§ **Entries shown**:
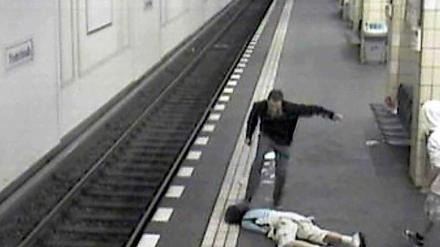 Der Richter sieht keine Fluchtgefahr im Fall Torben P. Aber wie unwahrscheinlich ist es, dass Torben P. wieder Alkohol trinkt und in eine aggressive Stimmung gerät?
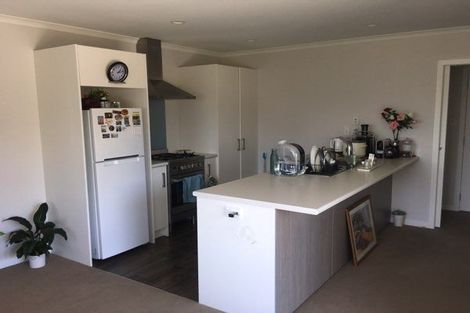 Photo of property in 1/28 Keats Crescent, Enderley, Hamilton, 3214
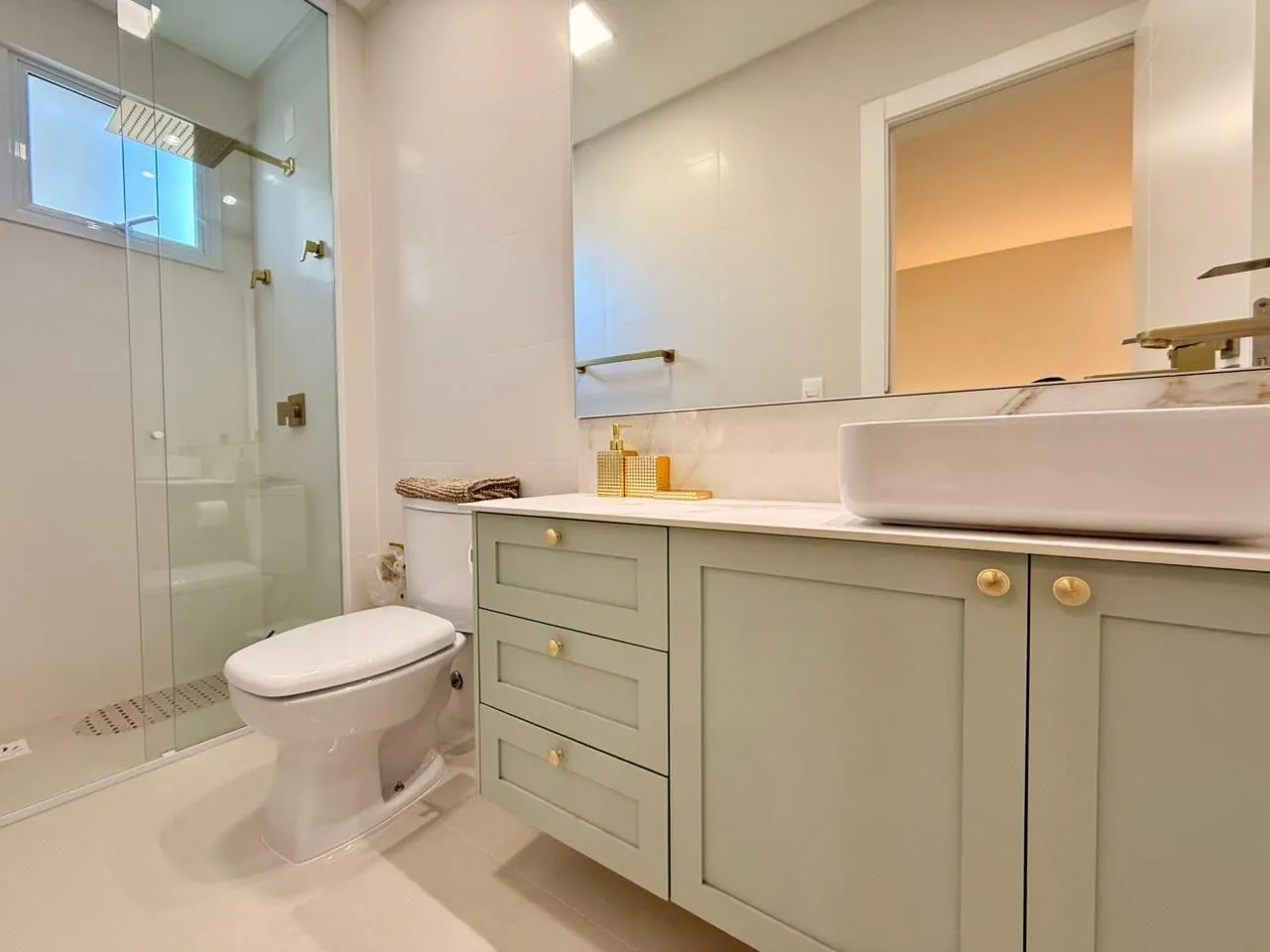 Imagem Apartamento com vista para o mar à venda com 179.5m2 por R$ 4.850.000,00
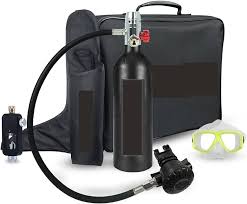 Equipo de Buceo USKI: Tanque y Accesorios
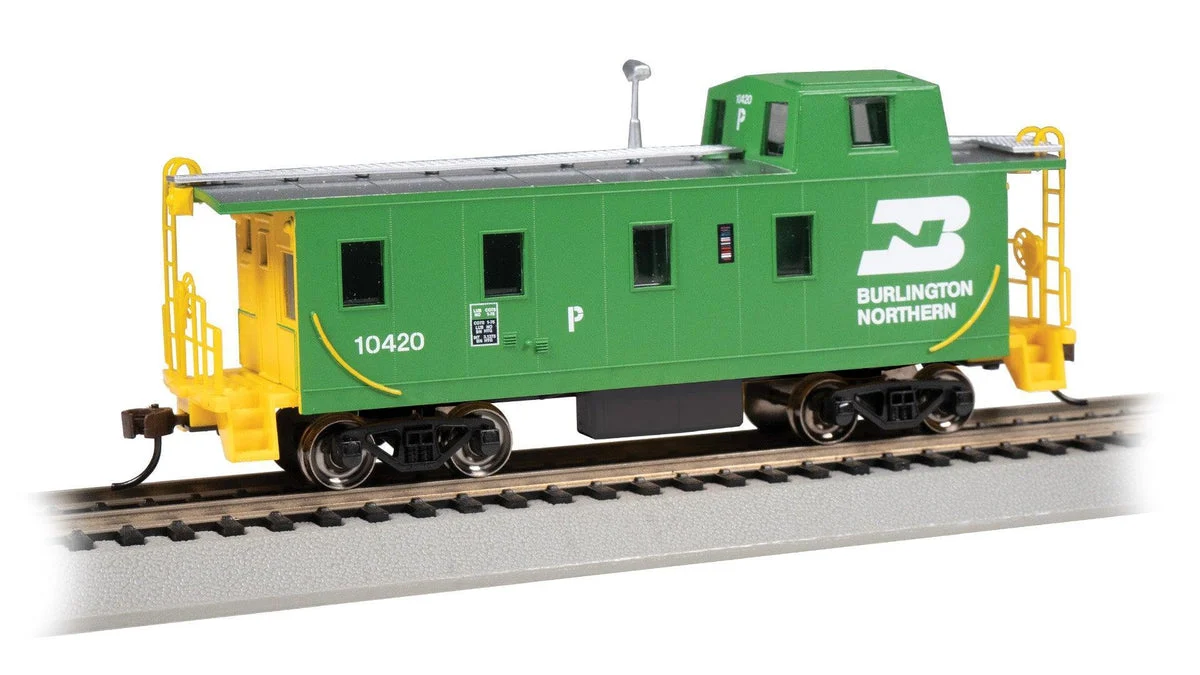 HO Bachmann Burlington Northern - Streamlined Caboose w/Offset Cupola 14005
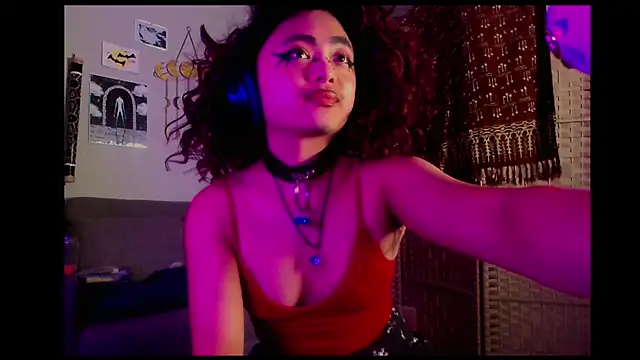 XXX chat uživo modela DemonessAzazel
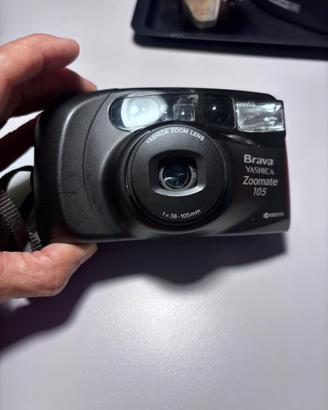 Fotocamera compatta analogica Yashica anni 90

§ **Task item**: Reproduce exactly the line containing "Equipo de Buceo USKI: Tanque y Accesorios" and every line after it in the material above, up to and including the last. Exclude all pictures.

§ **Finished exercise**:
 Equipo de Buceo USKI: Tanque y Accesorios
 HO Bachmann Burlington Northern - Streamlined Caboose w/Offset Cupola 14005
 XXX chat uživo modela DemonessAzazel
 Fotocamera compatta analogica Yashica anni 90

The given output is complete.